You still should at least consider a vector here. If lookups are infrequent, you can just sort it and binary search it on demand (and just add new items at the end). There are cases when this is not good enough, but they really are surprisingly rare.

> And/or when the elements are prohibitively expensive reorder/move on insertions/deletions, or some other piece of code is known to keep direct references to the elements that should not be invalidated

In that case, why not store the elements in a unique_ptr (and then everything in a vector)?

> Especially not in cases that are not performance-sensitive at all. In such cases you're just increasing code complexity and obfuscating intent because of some ideological objection to using linked lists.

Fully agreed - if you are sure that it cannot possibly become performance relevant and a list has the right interface, use it. For example, when the number of items is fundamentally tiny (e.g. one item per dimension of your 3D data) and the thing you'll do with the list item will be complex (or infrequent) anyway so that a few pointer indirections are negligible.
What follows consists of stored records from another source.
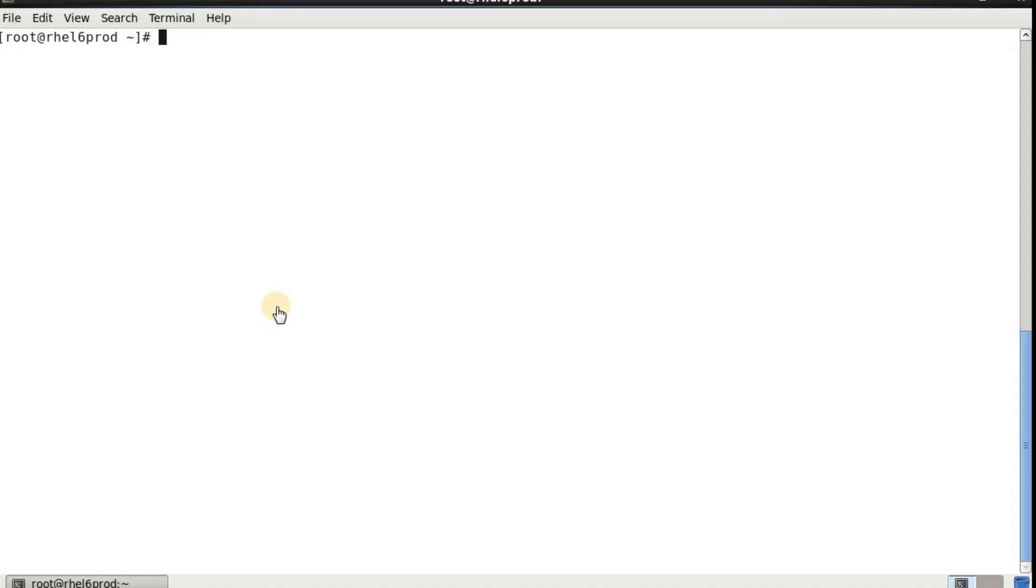Hello and welcome guys. Today's topic is about Linux booting issues. I'm going to show you two booting issues in Red Hat Enterprise Linux 6 and how to troubleshoot that and how you are going to bring your system back online quickly.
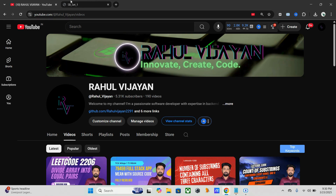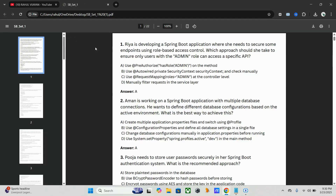This MCQ set will be given in the description — you can take it from there. If you have any doubts or any updates needed, you can connect with me and I'll help you. If you have any queries or feedback regarding hands-on or MCQs, you can ping me. See you in the next video, bye.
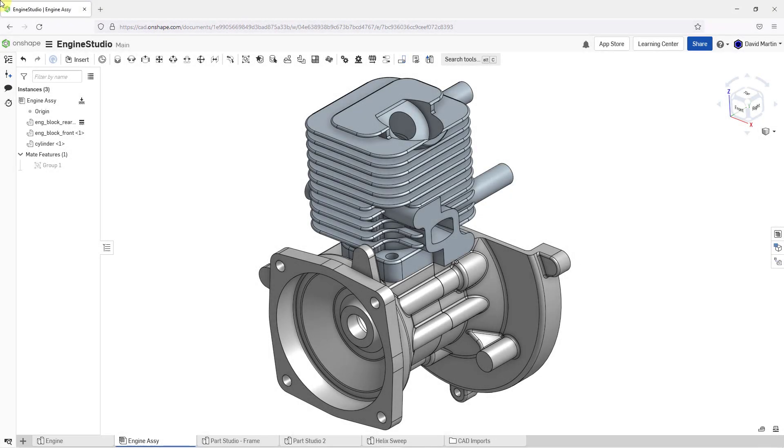Let's compare and contrast inserting standard hardware into assemblies in Onshape and Fusion 360. Here I am in Onshape.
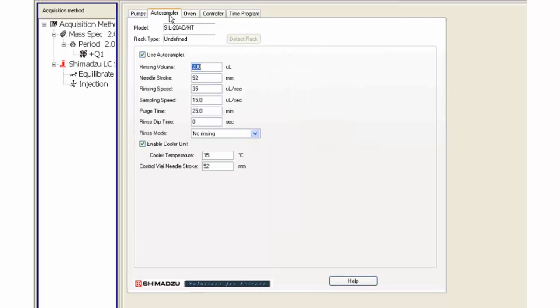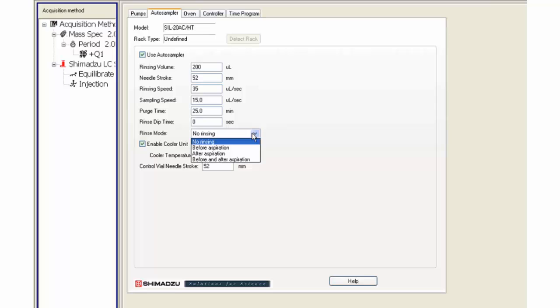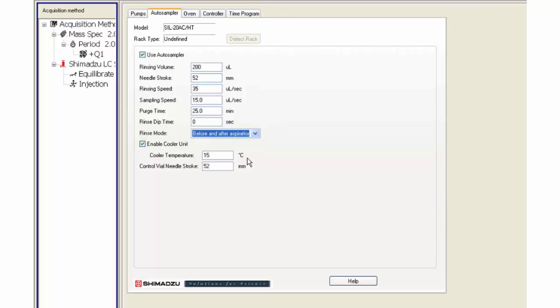Click on the auto sampler tab. Change any settings needed. In this example, the before and after aspiration rinse mode will be used to help lower the carryover.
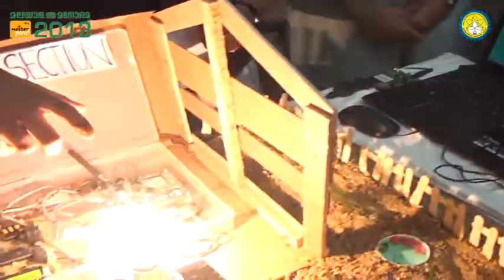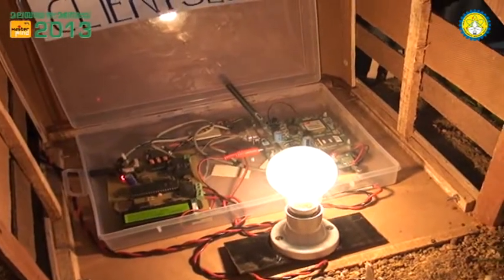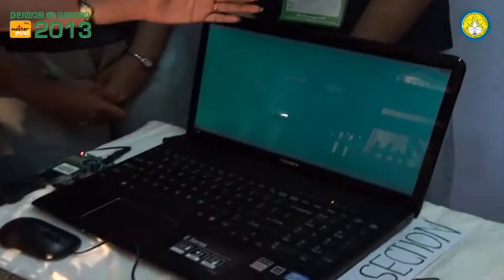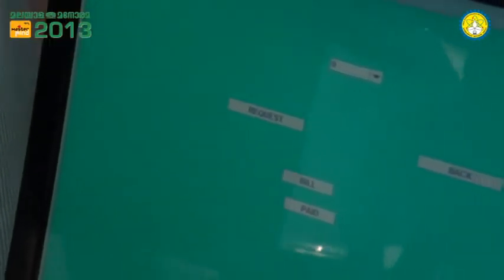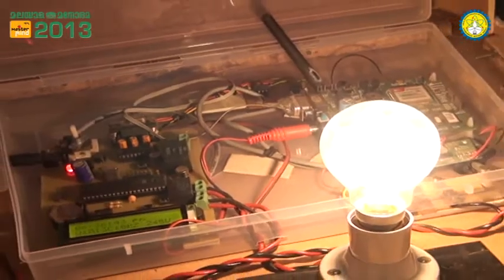If we connect here, it is a bulb. We have to calculate how much current the user is consuming. In this electricity board, we are using a program. We have to use a consumer's number. This is the request button — it is automatic — and this will be automatically displayed in the electricity board.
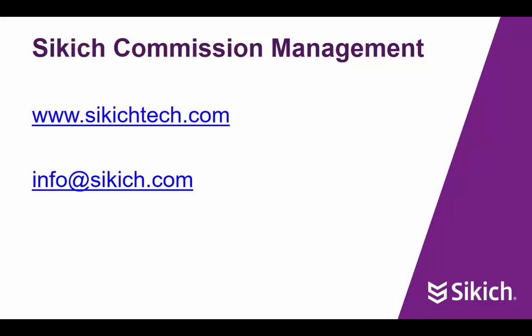Thank you for taking the time to review the Sikich Commission Management System for Microsoft Dynamics NAV. For more information, please visit www.sikichtech.com or contact us at info@sikich.com.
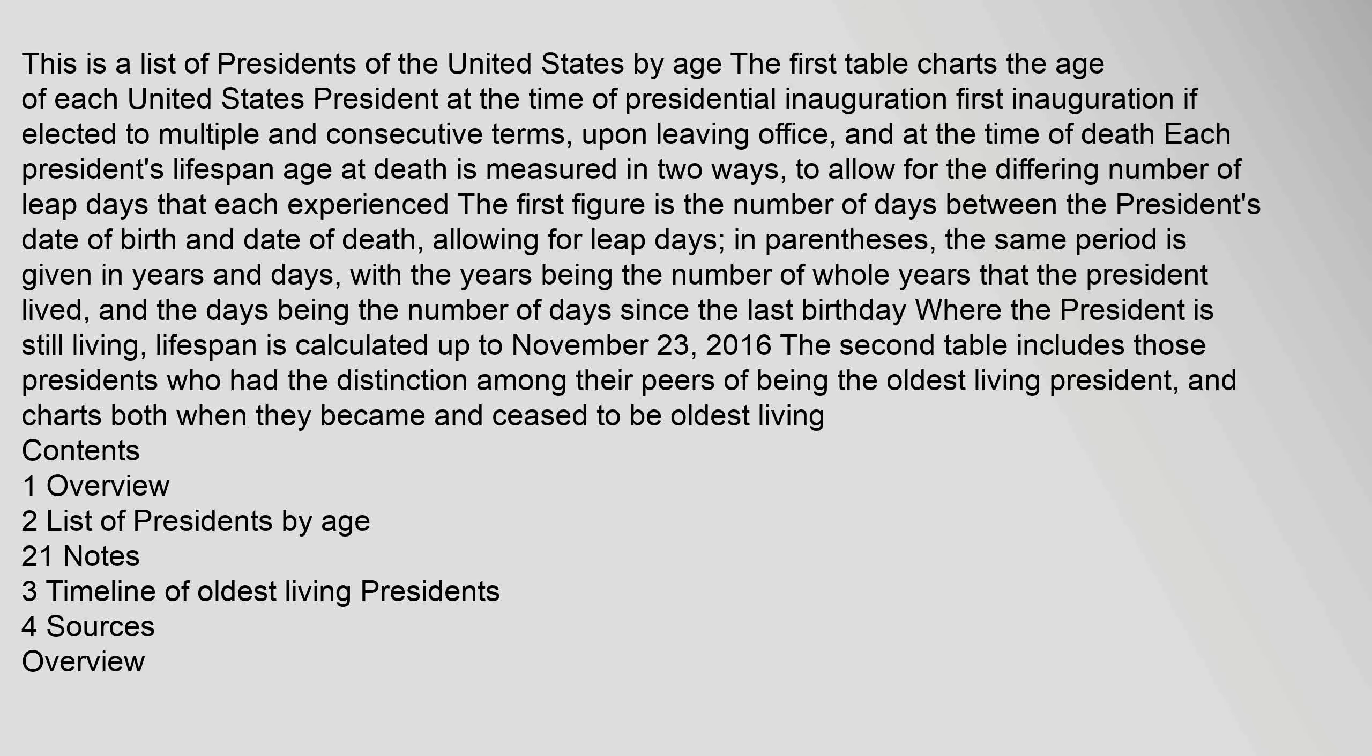This is a list of presidents of the United States by age. The first table charts the age of each United States president at the time of presidential inauguration, first inauguration if elected to multiple and consecutive terms, upon leaving office, and at the time of death. Each president's lifespan age at death is measured in two ways. To allow for the differing number of leap days that each experienced, the first figure is the number of days between the president's date of birth and date of death, allowing for leap days. In parentheses, the same period is given in years and days, with the years being the number of whole years that the president lived, and the days being the number of days since the last birthday where the president is still living.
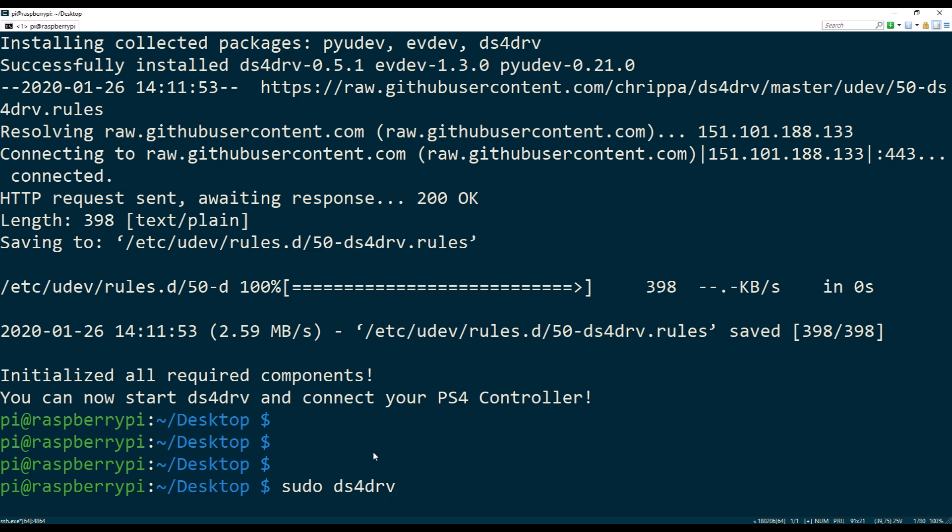Also guys, before I forget, if this is your very first time connecting the controller, you don't want to connect it to DS4 driver just yet. You actually want to go into the Raspberry Pi UI and connect the controller to the Bluetooth. There's gonna be a Bluetooth icon in the upper right corner. You want to connect it there. You just press the Bluetooth icon and then you press the connect new device, and then you press share button and the PS4 button on the controller, and then you wait for it to pair. If it doesn't pair, just try it again, it will pair.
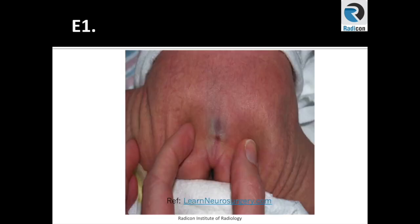And this is how it looks like. A check for dorsal dermal sinus is often part of the checklist by the pediatrician soon after the baby is born. If there is any dimple seen in the lower lumbar or sacral area, then the child is referred for further imaging to exclude any spinal abnormalities.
>> You still should at least consider a vector here. If lookups are infrequent, you can just sort it and binary search it on demand (and just add new items at the end). There are cases when this is not good enough, but they really are surprisingly rare.

Well most of the time linked lists are used for things that have to be kept in some order that cannot (easily) be determined by a sorting predicate, and/or when re-sorting is not allowed.

>> In that case, why not store the elements in a unique_ptr (and then everything in a vector)?

But why? What's the benefit of doing that? The objects will still be scattered around the heap so iterating and dereferencing still trashes the cache, you lose benefits like not invalidating iterators on inserts/removals, and you complicate the code.

I'm not saying linked lists should be your go-to data structure, but IMO the 'linked lists are bad, dont use them' meme is a little overused.


>> or some other piece of code is known to keep direct references to the elements that should not be invalidated

> In that case, why not store the elements in a unique_ptr (and then everything in a vector)?

I recently ended up using std::list<Object*> because of pointer invalidation on vector resize. I see now that using smart pointers would have worked just as well. Thanks.


One place where a (doubly, perhaps) linked list might be suitable is when you have a list that wants to provide the following features:

1. Multiple independent (not necessarily concurrent, but not coordinated) mutators.

2. Insertion and removal happen commonly and should be cheap.

3. Operations on the whole list typically happen in list order or close to it.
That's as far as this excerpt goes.